Mit „Circle“ ist der britischen Filmemacherin Jayisha Patel eine so beeindruckende wie bedrückende Dokumentation über die Familie als Keimzelle für den Frauenhandel in Indien gelungen. Am 19. Februar feierte der Film seine Weltpremiere in der Sektion „Berlinale Shorts“ und konkurriert auch um den Goldenen Bären.

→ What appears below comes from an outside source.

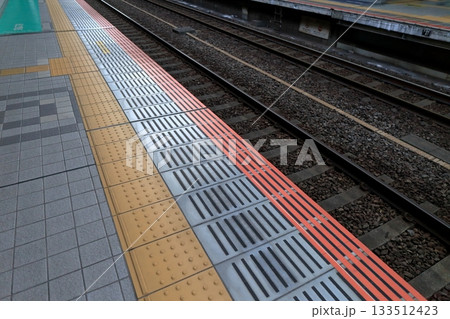 駅のホームの端　イメージ 133512423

„Sie erwartet von ihrer Enkelin, genauso zu leiden, wie sie gelitten hat“
Am 19. Februar 2018 feierte „Circle“ auf der Berlinale Weltpremiere, eine Dokumentation der britischen Filmemacherin Jayisha Patel, die sich mit ihrem Schaffen dafür einsetzt, Woman of Colour eine Plattform gegen ihre Stereotypisierung zu bieten. In ihrem neuesten Werk hat sie sich mit der Spirale der Gewalt und des Frauenhandels in Indien auseinandergesetzt hat. Es sind Einblicke in ein sonst verschlossenes System, das auch Patel selbst erlebt hat.

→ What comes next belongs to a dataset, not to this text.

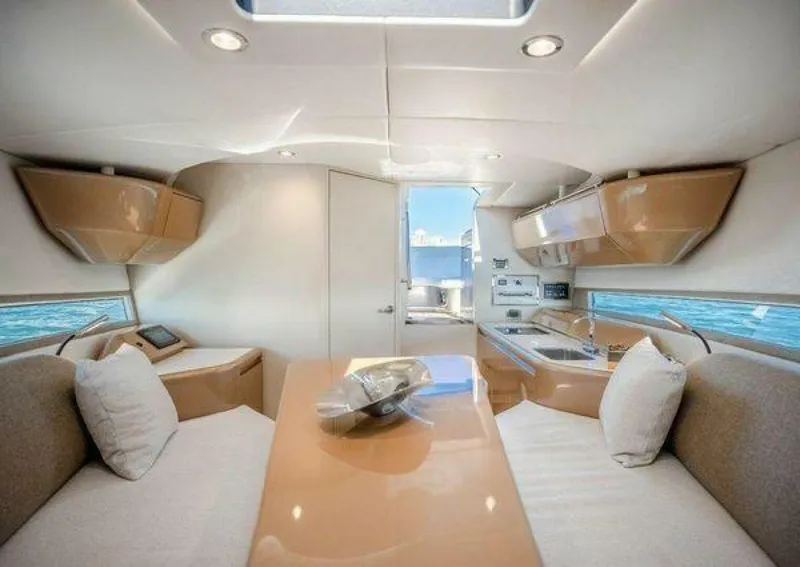 Slide: The Image of Canard eMotion HYBRID 2018 - 3982949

Um diesen Kurz-Film überhaupt machen zu können, musste sich die Filmschaffende zunächst großes Vertrauen innerhalb dieser Familienstrukturen erarbeiten, um dann als Vertraute in den Kreis der Familie zu treten und bei den intimen Gesprächen der Frauen über ihr Schicksal und die Rolle der einzelnen Frauen anwesend sein zu können.

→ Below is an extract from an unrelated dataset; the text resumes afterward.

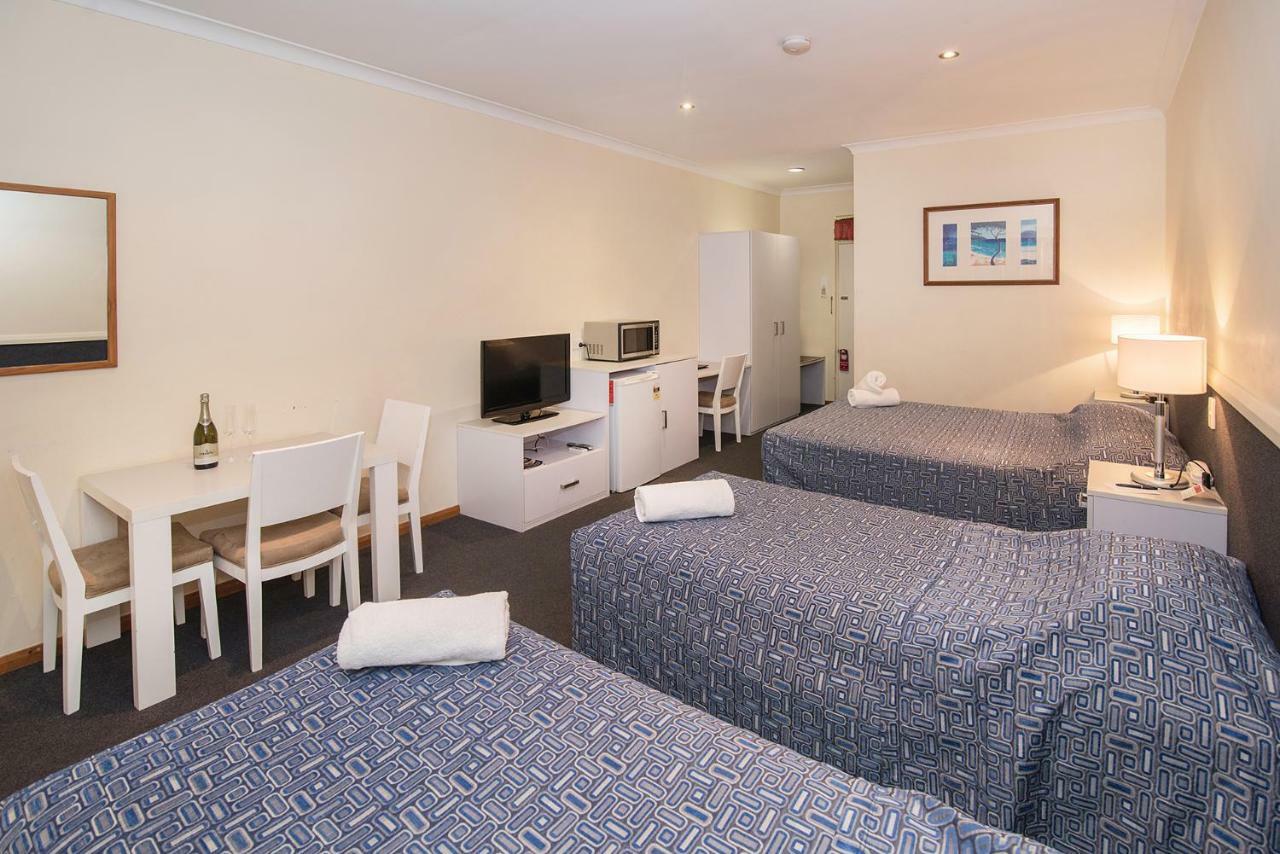 Hotel Town Units 3*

In ihrem Film steht die Rolle der Großmutter im Mittelpunkt, die ihre Enkeltochter Kushbu für eine Vergewaltigung verkauft. Stark wird die Dokumentation vor allem aus dem Zusammenspiel der Szenen, die alltäglicher nicht sein könnten und den Gesprächen, die genau das nicht sind, nicht sein dürften und die von der ersten Minute unter die Haut kriechen. Gezeigt werden etwa zwei Schwestern beim gemeinsamen Erbsen schälen, Frauen, die auf dem Feld arbeiten, Mutter und Tochter, die auf dem Markt einkaufen gehen oder die Tochter, die an der Feuerstelle Essen kocht – dabei reden sie ganz offen über Gewalt in der Ehe, in der Familie, über organisierte Vergewaltigungen, über ein brutales System, in dem sich Frauen gegenseitig verkaufen, verraten und verletzen:
„Sie haben mir einen Schal über den Mund gelegt und mich an einen dunklen Ort mitten im Nirgendwo gebracht.“
„Großmutter hat meine Vergewaltigung organisiert.“
„Sie erwartet von ihrer Enkelin, genauso zu leiden, wie sie gelitten hat.“
„Wenn meine Schwiegertochter kommt, werde ich sie genauso schlagen, wie ich von meinen Schwiegereltern geschlagen wurde.“
Es sind Sätze, die von einem grausamen Kreislauf erzählen, erhalten durch Frauen, die sexualisierte Gewalt am eigenen Leib erfahren haben, und ihn dennoch – oder vielmehr gerade deshalb – von einer Frauengeneration an die nächste weitergeben. Ein sehr berührender Film – und so schwer das Zusehen und Zuhören fällt, umso wichtiger ist es, genau das zu tun.